By Simon Kennedy
March 23 (Bloomberg) -- European Central Bank President Jean-Claude Trichet said it is “pretty possible” that policy makers will keep taking unorthodox steps to spur bank lending, the Wall Street Journal reported, citing an interview.
“It’s pretty possible that we would continue to be non- conventional through the channel of bank financing,” Trichet told the newspaper, according to a transcript on its Web site. “This channel remains for us essential.”
With the 16-nation euro-area now in its worst recession since World War II, the ECB has sought to revive bank lending by offering financial companies unlimited amounts of cash for refinancing and widening the scope of debt it accepts as collateral.
“We will certainly continue to do whatever we think optimizes our situation,” he said. He repeated that the bank could cut its benchmark interest rate below the current record low of 1.5 percent and defended European governments against U.S. criticism that they haven’t eased fiscal policy enough.
Trichet told the newspaper that the strategy of focusing on banks was based on the fact that 70 percent of the euro-region’s financing comes from commercial banks and 30 percent by selling securities other than stocks, the reverse of the situation in the U.S.

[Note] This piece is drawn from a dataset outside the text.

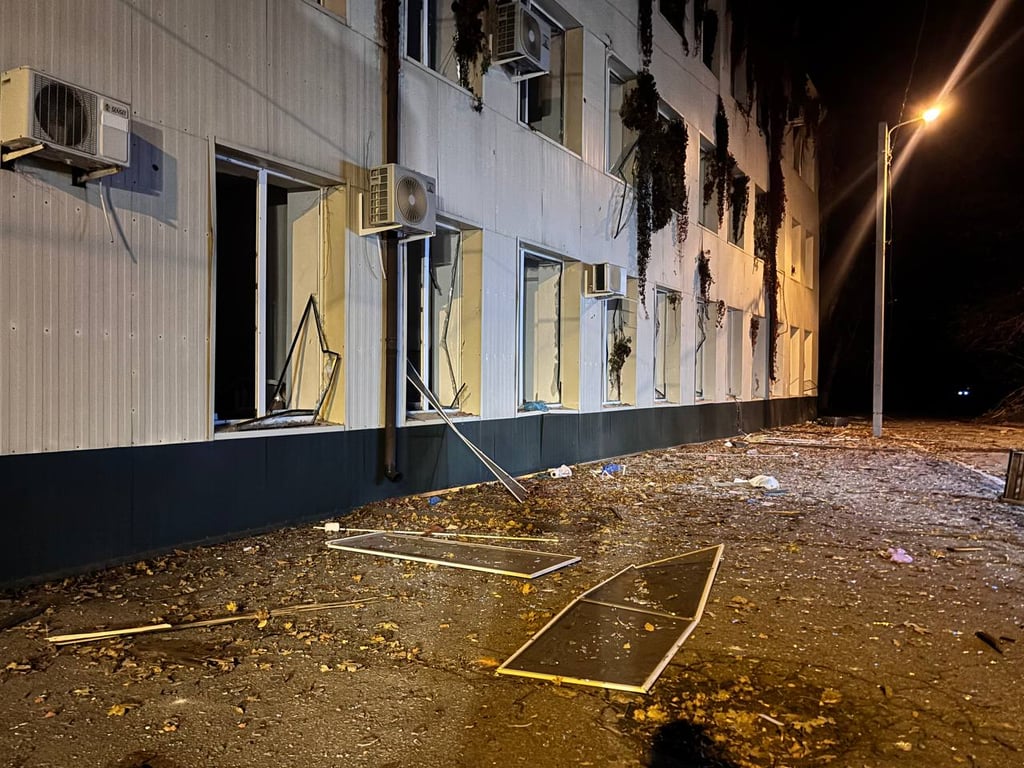 Russian occupiers dropped a KAB on a hospital in Kharkiv — photos of the aftermath - photo 1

He urged banks “to pass on to the real economy” the effects of low interest rates and high liquidity. “If I am shipping this message, it’s because we trust that this is not yet entirely done,” Trichet told the newspaper. He denied there was a “generalized case” of European banks derailed by toxic assets.
Zero Rates
While the Federal Reserve and Bank of Japan have cut their key rates to close to zero and the Bank of England’s is at 0.5 percent, Trichet said such low rates have “drawbacks” and are not “appropriate” in Europe. What counts is borrowing costs in markets, which are lower in Europe than in the U.S., he said.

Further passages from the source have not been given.